WHAT IS BEING ASKED:
Please take the records that follow and repeat exactly the lines starting with the line with "2019 RANGE ROVER VOGUE" and going on through the line with "Book cover for Buch Der Jugend".

PROVIDED RECORDS:

*-*-*

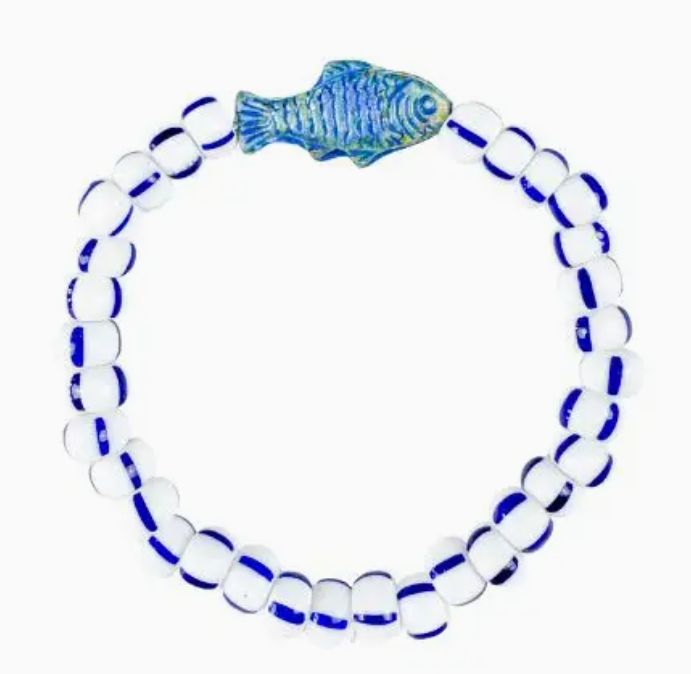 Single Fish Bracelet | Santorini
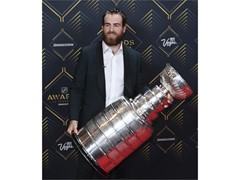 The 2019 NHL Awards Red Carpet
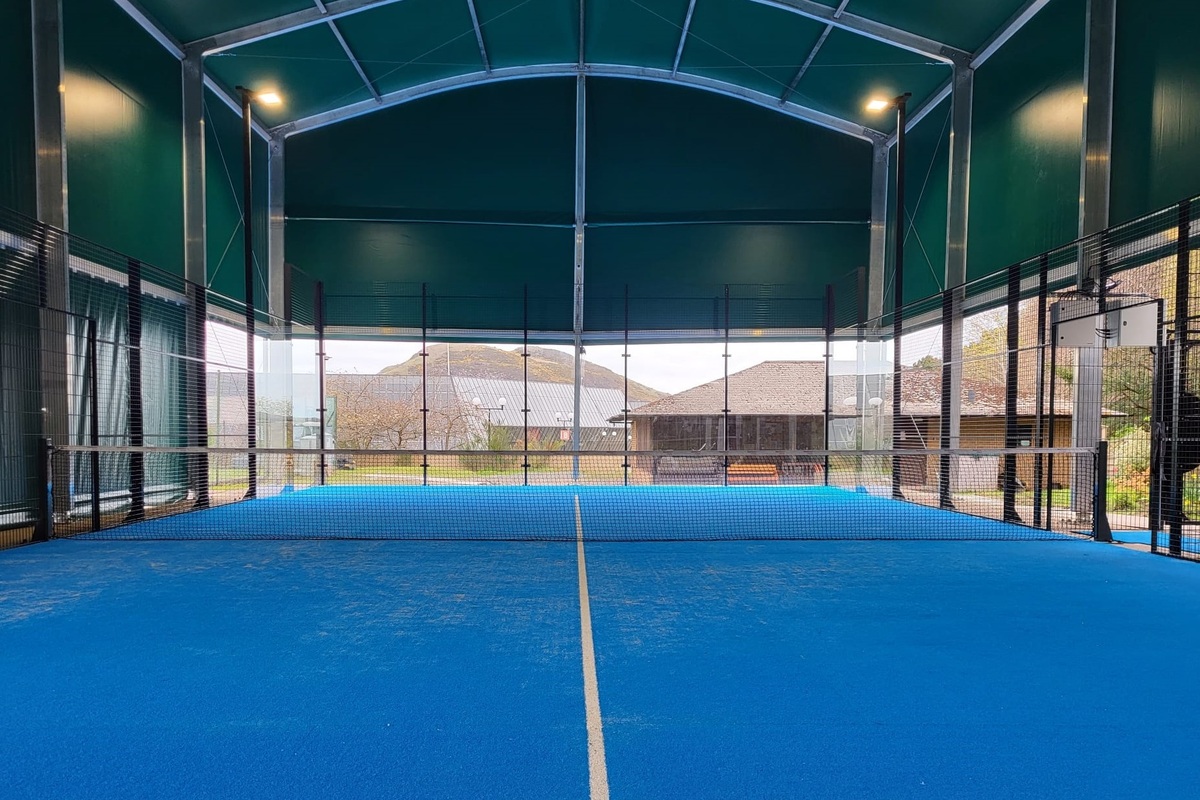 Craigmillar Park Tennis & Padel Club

*-*-*

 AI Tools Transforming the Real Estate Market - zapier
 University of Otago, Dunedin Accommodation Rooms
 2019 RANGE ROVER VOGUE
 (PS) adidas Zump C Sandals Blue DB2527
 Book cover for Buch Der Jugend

*-*-*

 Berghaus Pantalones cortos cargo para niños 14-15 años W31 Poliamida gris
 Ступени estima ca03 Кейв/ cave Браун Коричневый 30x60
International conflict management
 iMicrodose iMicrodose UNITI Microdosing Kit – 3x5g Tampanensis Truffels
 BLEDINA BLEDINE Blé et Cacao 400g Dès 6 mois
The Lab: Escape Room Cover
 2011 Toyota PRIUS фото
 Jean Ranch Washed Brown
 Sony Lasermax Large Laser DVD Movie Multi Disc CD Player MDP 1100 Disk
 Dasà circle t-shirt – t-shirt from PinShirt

*-*-*

WORKED SOLUTION:
 2019 RANGE ROVER VOGUE
 (PS) adidas Zump C Sandals Blue DB2527
 Book cover for Buch Der Jugend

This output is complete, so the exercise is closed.